In [None]:
from google.colab import drive
drive.mount('/content/drive')

Drive already mounted at /content/drive; to attempt to forcibly remount, call drive.mount("/content/drive", force_remount=True).


In [None]:
import os
import math
from collections import Counter
from sklearn.naive_bayes import MultinomialNB
from sklearn.metrics import accuracy_score, precision_score, recall_score
from sklearn.feature_extraction.text import TfidfVectorizer
from sklearn.metrics.pairwise import cosine_similarity
import numpy as np

# Precision at K
def precision_at_k(relevant_docs, retrieved_docs, k):
    retrieved_at_k = retrieved_docs[:k]
    relevant_and_retrieved = len([doc for doc in retrieved_at_k if doc in relevant_docs])
    return relevant_and_retrieved / k

# Recall at K
def recall_at_k(relevant_docs, retrieved_docs, k):
    retrieved_at_k = retrieved_docs[:k]
    relevant_and_retrieved = len([doc for doc in retrieved_at_k if doc in relevant_docs])
    return relevant_and_retrieved / len(relevant_docs) if relevant_docs else 0

# Main function
def main():
    # Directory containing the text documents
    directory = '/content/drive/MyDrive/documents'

    # Verify directory exists
    if not os.path.exists(directory):
        print(f"Error: The directory '{directory}' was not found.")
        return

    # Reading all files from the directory
    docs = []
    filenames = []
    for filename in os.listdir(directory):
        if filename.endswith(".txt"):
            filepath = os.path.join(directory, filename)
            try:
                with open(filepath, "r") as file:
                    content = file.read()
                    docs.append(content)
                    filenames.append(filename)
            except Exception as e:
                print(f"Error reading file '{filename}': {e}")
                return

    if not docs:
        print("No documents found in the directory.")
        return

    # Hardcoded queries
    queries = ['horror', 'sci-fi', 'drama']

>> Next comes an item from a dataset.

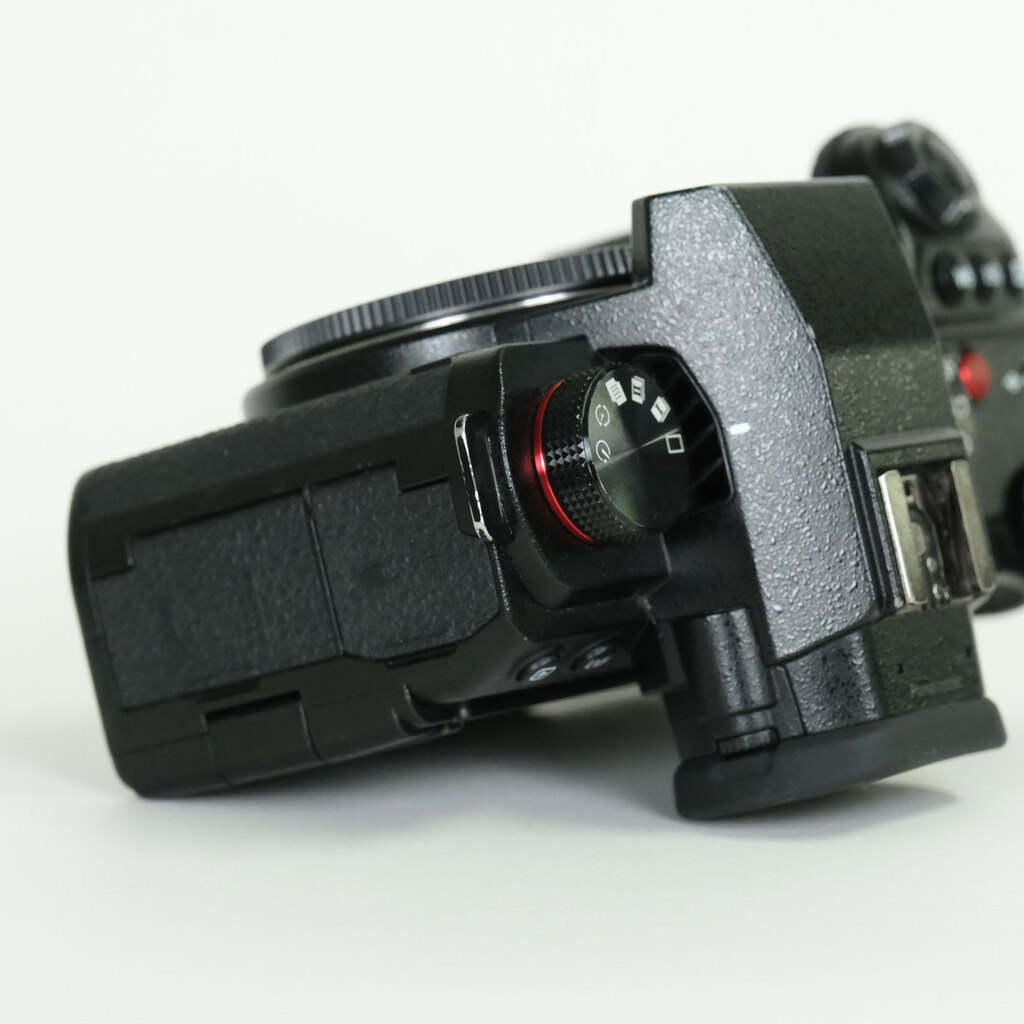 Panasonic LUMIX S5II DC-S5M2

    # Define relevant documents per query (update with correct filenames from your dataset)
    relevant_docs_per_query = {
        'horror': ['horror_1.txt', 'horror_2.txt'],
        'sci-fi': ['sci-fi_1.txt', 'sci-fi_2.txt'],
        'drama': ['drama_1.txt', 'drama_2.txt']
    }

    # Use TfidfVectorizer to create TF-IDF vectors for both documents and queries
    vectorizer = TfidfVectorizer()

    # Fit the vectorizer on the document collection (this creates a vocabulary and assigns TF-IDF values)
    doc_tfidf_vectors = vectorizer.fit_transform(docs).toarray()

    # Transform the queries into the same TF-IDF space
    query_tfidf_vectors = vectorizer.transform(queries).toarray()

    # Calculate cosine similarities
    cosine_similarities = []
    for query_vector in query_tfidf_vectors:
        similarities = cosine_similarity(query_vector.reshape(1, -1), doc_tfidf_vectors).flatten()
        cosine_similarities.append(similarities)

    # Precision and Recall calculations at k=5
    k = 5
    for i, query in enumerate(queries):
        print(f"\nResults for query '{query}':")

        # Pair document filenames with their similarity scores
        doc_similarity_pairs = list(zip(filenames, cosine_similarities[i]))
        # Sort by similarity in descending order
        ranked_docs = sorted(doc_similarity_pairs, key=lambda x: x[1], reverse=True)
        ranked_filenames = [doc[0] for doc in ranked_docs]

        # Debugging output: Print top 5 ranked documents for each query
        print(f"Top {k} ranked documents for query '{query}':")
        for rank, (filename, score) in enumerate(ranked_docs[:k], 1):
            print(f"Rank {rank}: Document {filename} - Score: {score:.4f}")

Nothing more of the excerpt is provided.